I got back in enough time to repair the puncture I got the day before (darn killer gravel!) and had a short interview with Henri, who is documenting my visit for the exhibition that will be held at the Finnish Embassy in DC on May 25th. After the interview we walked to the square for the start of the Helsinki Critical Mass. This was a nice last minute addition to the program and I really enjoyed the relatively short and uneventful ride through the city. Now in DC I never go to Critical Mass because I think it can be very counter-productive when you have people being overly aggressive towards drivers. But the Helsinki Critical Mass was excellent. There was a police escort in the front which apparently had the ability to make all the lights flash yellow so the ride never really had to stop as it wound its way through the city. It was nice to see another side of the bike culture and I was pretty amazed at how similar it was to what goes on in DC. Most of the riders seemed to be younger and rode with signs that said things like "Bikes for the Streets, Streets for the Bikes" only in Finnish.
After the ride about ten of us gathered at a student center for a reprise of the presentation I gave to the city planning office.
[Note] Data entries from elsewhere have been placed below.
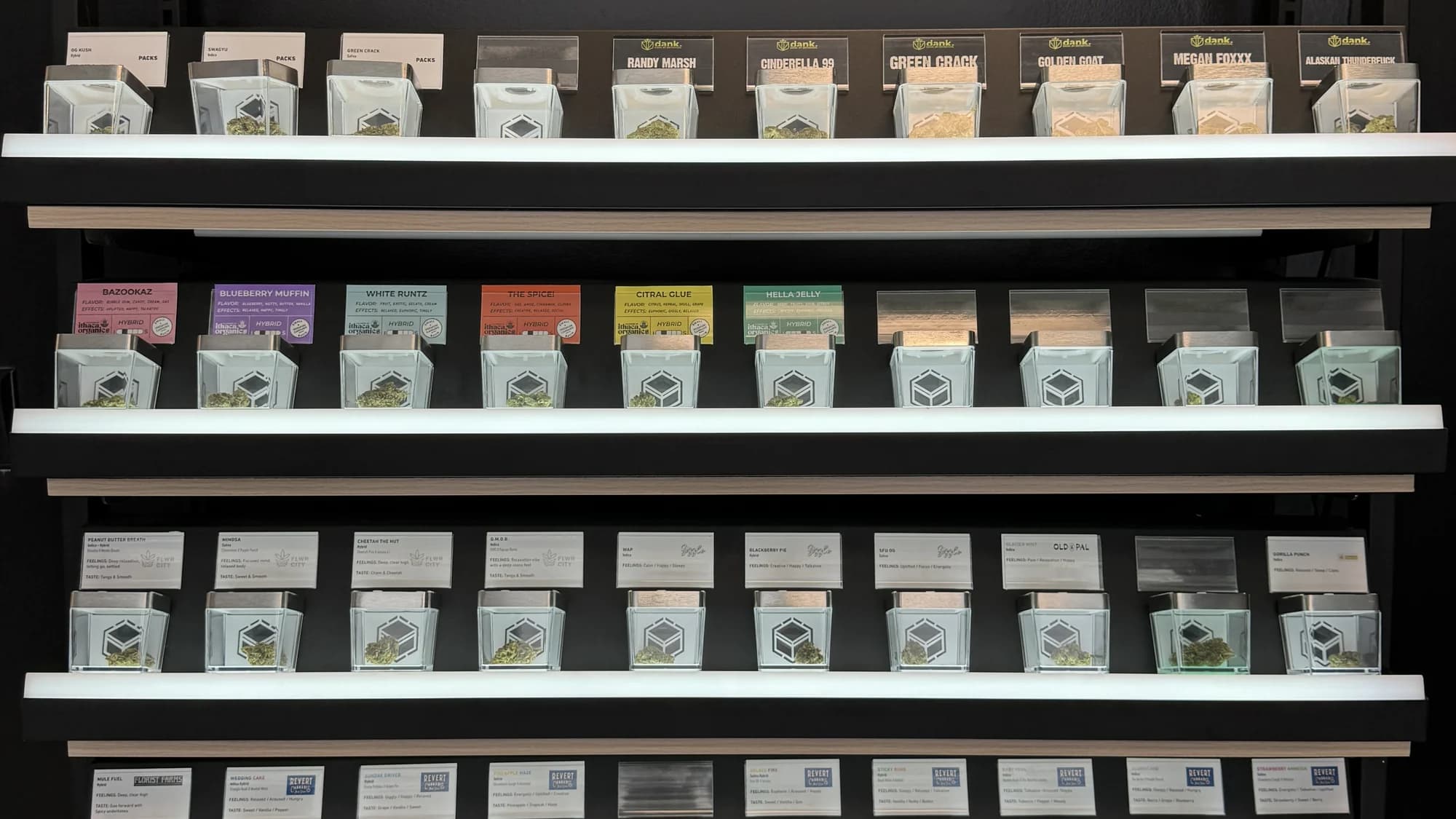 Leafology flower wall: four tiered shelves of packaged cannabis jars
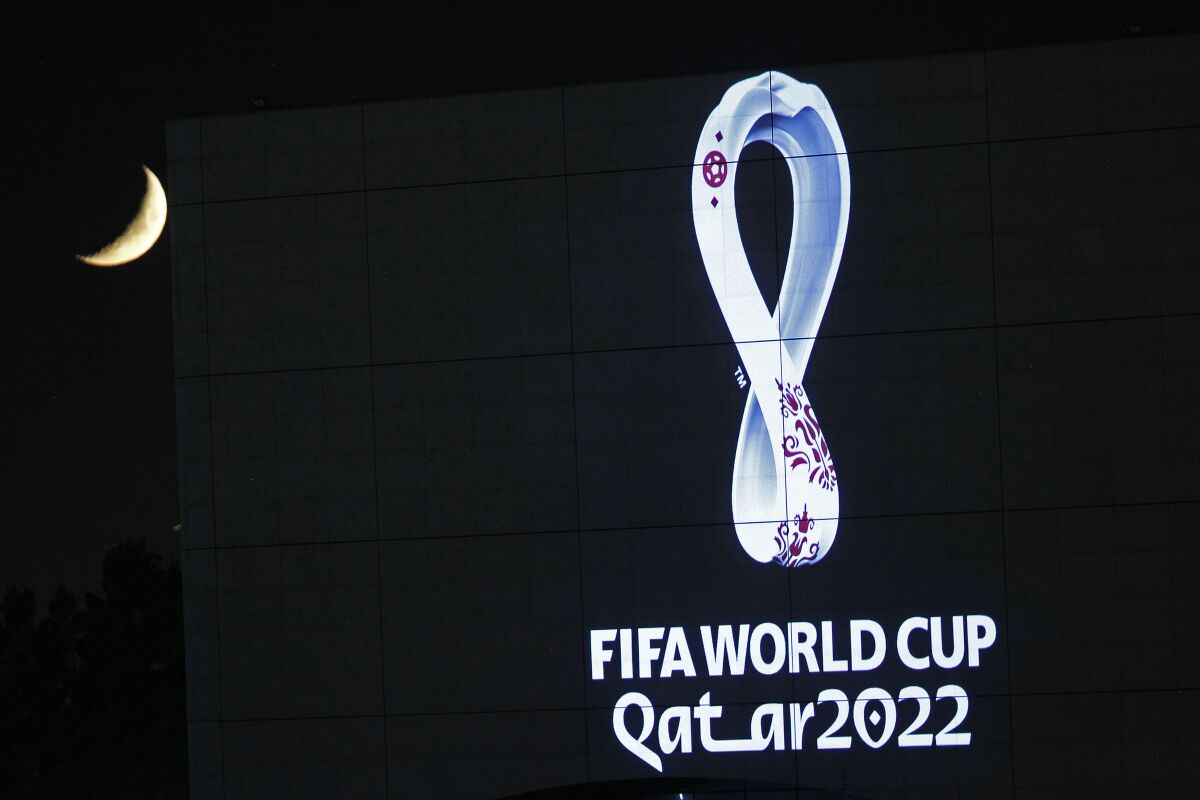 FILE - The 2022 Qatar World Cup logo is projected on the opera house of Algiers, Tuesday Sept. 3, 2019. 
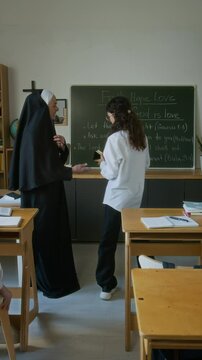Vertical of motivated teen Caucasian student girl raising hand during class in religious school and answering at blackboard in front of senior nun teacher and classmates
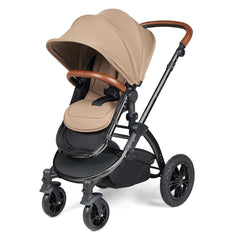 Ickle Bubba Stomp LUXE Travel System with Cirrus Car Seat & ISOFIX Base - Black/Desert/Tan - showing the pushchair in forward-facing mode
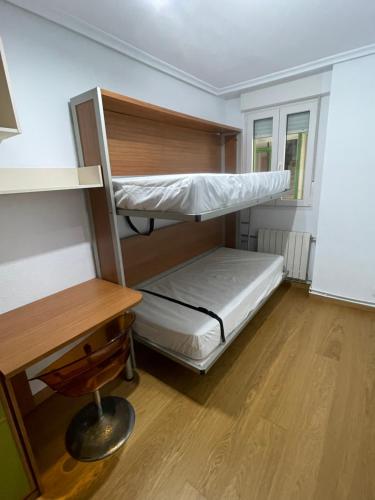 a room with two bunk beds and a desk at Apartamento con piscina y WIFI a 100 metros de la playa en Somo in Somo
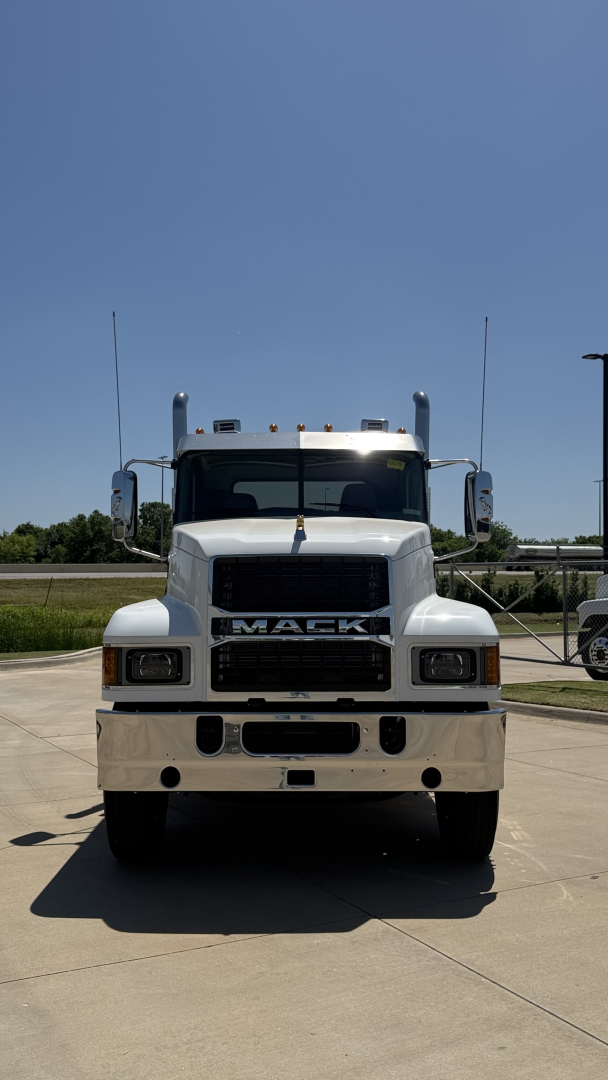 Front view of a white 2026 Mack PI64T day cab truck showing large grille, bumper, and Mack emblem. Clear sky, parking lot background.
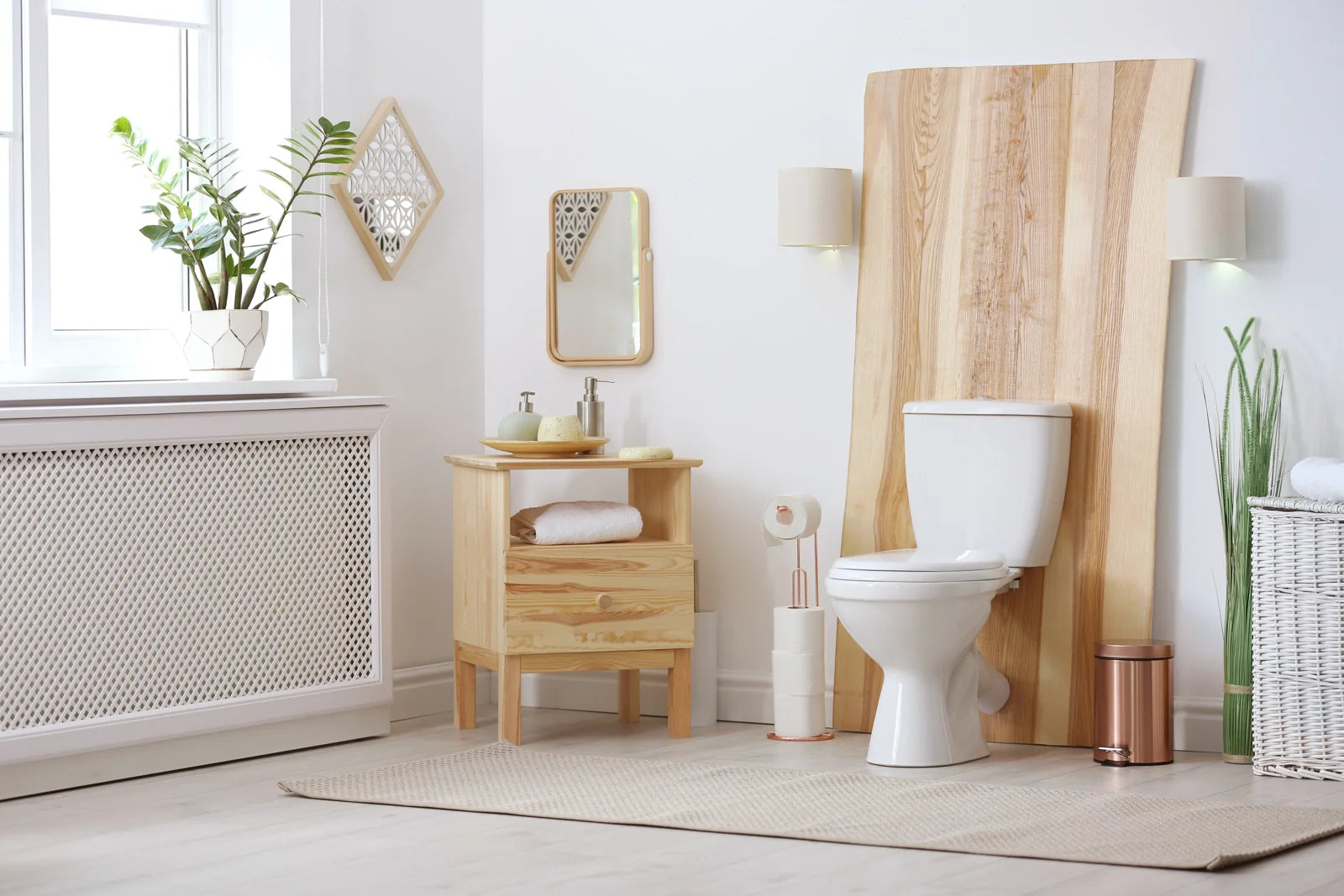 White two-piece toilet in a warm minimalist bathroom setting designed for everyday residential comfort and practical storage.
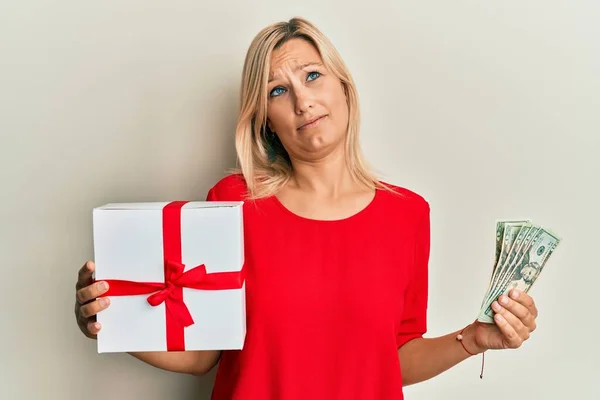 Middle Age Caucasian Woman Holding Gift Dollars Shock Face Looking — Stock Photo, Image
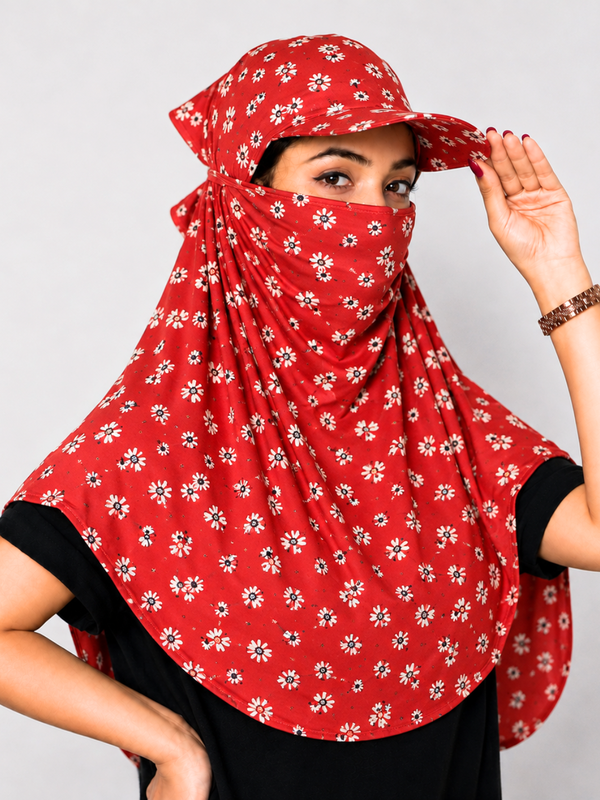 A woman wearing a red sun protection headscarf with a white and black daisy pattern, featuring a built-in sun cap and face veil, paired with a black t-shirt against a light gray background.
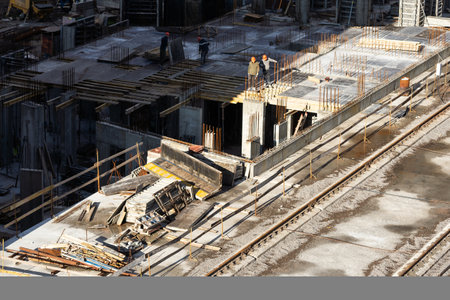 Tower crane on formwork at construction site. Truck mounted concrete pump. Reinforced concreting....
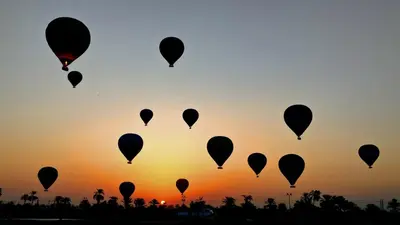 a group of hot air balloons in the sky at sunset at High mountain in Luxor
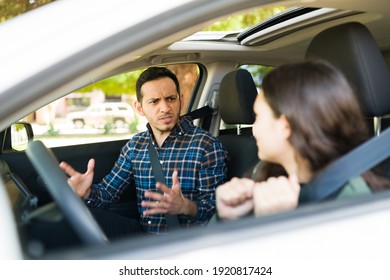 Angry And Upset Father Having A Fight With Her Teen Daughter Because She Almost Caused A Car Crash While Driving His Car During Her Lessons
The meeting was attended by members of HePo, and people from something called the Cycling Greens which is a group of bike activists from the Green Party that is trying to build unity among the various political parties in support of cycling.
During my talk I spoke mainly of the role our association plays in the development of cycling in DC and the need for grass roots organizations to push the agenda. I spoke also of how our organization tries to advocate for pro bike policies and how we raise money to fund our efforts. It was interesting to learn that there is not much of a "donation culture" in Finland because the government is expected to provide for its citizens. In the case of cycling, the government has provided the facilities, but not in a way the cycling community needs or wants. I felt that I was present at the beginning of something great that will lead to a cycling renaissance in Helsinki and its always great to see people how care so much about the places they live.
After the talk, Petri, Olli, Marek and I went out for dinner at a 100 year old restaurant in the west end of town. While I did not order the reindeer, I did taste some of Marek's and it was delicious. Sorry Rudolph! When we were done we walked back toward the hotel and I said goodbye to Petri who had to head home. I was really sad to see him leave. He had been such an amazing host and really made my time in Helsinki special. We had hit it off from the first moment we met and spent my entire time here talking about what we could do to make cycling better where we lived. He has a heart of gold and I wish him all the best in his endeavours.
I stopped by the hotel for a minute to call home and then went out to a kareoke bar to meet Olli, Marek and other folks from the program. While I am not a fan of kareoke, it was a pretty lively place and it was good to get to say goodbye to the people I had met. I think the highlight of the evening was a raucous rendition of Nirvana's Smells Like Teen Spirit, delivered with penache by one of the DC people, who in the interest of protecting the innocent will remain nameless. You know who you are!
Overall, this has been one of the best experiences I have ever had. While I have had the good fortune of traveling to other cities, having such a fantasic support network really made me feel like I was a part of the place and not just a visitor. I really look foward to returning the favor when people come over to Washington, DC.
To all my hosts from the City, Pluto, HePo, the Cycle Club of Helsinki and everyone else: kiitos! You all have been fantasic and I will miss you.